А экранизации пьес Д’Аннунцио — «Джоконда», «Дочь Иорио», «Невинный»!.. Да любое произведение искусства зиждется на эротике, Эрос — главный герой всей мировой литературы! Читал «Одиссею» Гомера? Перечти — если её честно экранизировать, то показ запретят! «Ад» Данте — неприкрытая некрофилия! А я сделаю кино — дух захватит! Может быть, из жизни Древнего Рима, про какого-нибудь императора, Нерона, Гая Калигулу или Тиберия, например, который запускал себе на Капри в бассейн мальчишек и девчонок…
Напоследок Габриель спросил, как можно пробиться к папе римскому для интервью.
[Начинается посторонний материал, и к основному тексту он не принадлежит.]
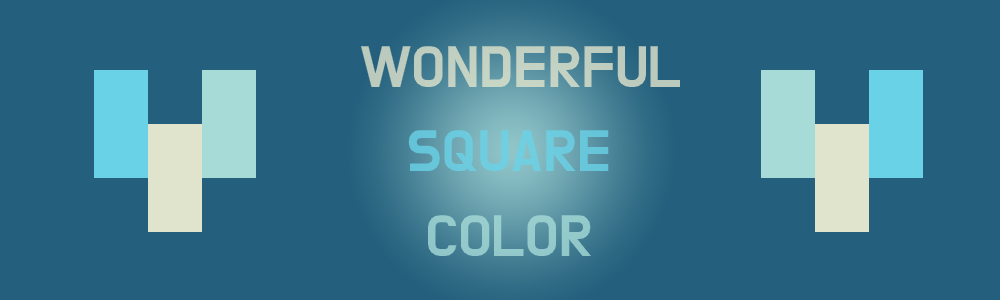 Wonderful Square Color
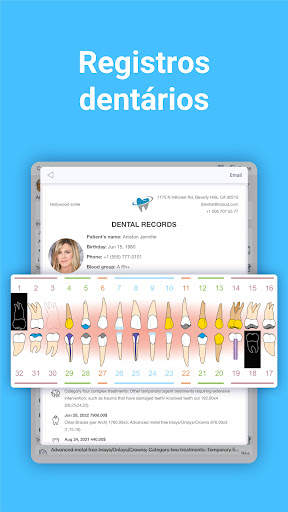 iDentist clínica odontológica screenshot 12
Тинто дал телефон знакомого журналиста в Риме, пишущего на темы католицизма «и всё такое», и посоветовал спросить у папы при встрече о его предшественниках-прелюбодеях в Ватикане и Авиньоне — Бенедикте, Иоанне, Бонифации, Клименте, основоположнике «папской порнографии», и прочих замечательных папах, а также о шлюхе папессе.
После Венецианского кинофестиваля по собственной инициативе, не ставя в известность редакцию (хорош журналист-международник!), направился в Вену, куда прибыл ровно через два месяца после того, как Австрию оставили советские войска. Вообразив, будто его путешествие кончилось в Вене, Маркес прожил там весь октябрь 1957 года, написав оттуда всего три небольшие корреспонденции. Там он случайно якобы познакомился (уже тогда был магическим реалистом!) с колумбийкой фрау Робертой (она же Фрида) — ясновидящей. В полнолуние они провели на Дунае ночь, и вещунья сообщила Габо, что путь его из Вены лежит на восток.
Сызмальства веря гаданиям, наш герой направился в Чехословакию и Польшу. Но сам толком никогда не признается в тех никем, кроме гадалки, не санкционированных поездках.
«По причине умолчаний и манипуляций, — пишет Мартин, — трудно установить и понять, как формировалось политическое сознание Гарсия Маркеса. Но нам совершенно очевидно, что он изначально обратил внимание на парадоксальное явление: Прага — величественный, пронизанный атмосферой непринуждённости город, по всем меркам западноевропейская столица, но её обитателей абсолютно не интересовала политика; Польша была куда более отсталая, вся изрезанная шрамами нацистского холокоста, но сами поляки политически были более активны, поразительно много читали, в их стране удивительным образом уживались коммунизм и католицизм, чего даже не пыталась добиться ни одна другая коммунистическая страна. Четыре года спустя Маркес заметит, что из всех социалистических „демократий“ Польша по духу была самой антирусской… В очерке он использовал такие эпитеты, как „истеричная“, „сложная“, „неуживчивая“, а про поляков скажет, что они „чрезмерно чувствительны, почти как женщины“».
Краков ему не понравился консерватизмом и регрессирующим католицизмом. Потряс Освенцим: «Там есть галерея из огромных стеклянных витрин, доверху заполненных человеческими волосами. Есть галерея, где выставлены обувь, одежда, носовые платочки с вышитыми вручную инициалами… Есть витрина, забитая детской обувью со стёртыми металлическими набойками: беленькие ботиночки для школы… Есть громадное помещение, заваленное тысячами пар очков, вставными зубами… Отделившись от группы, я молча бродил по музею. Меня душила ярость, мне хотелось плакать».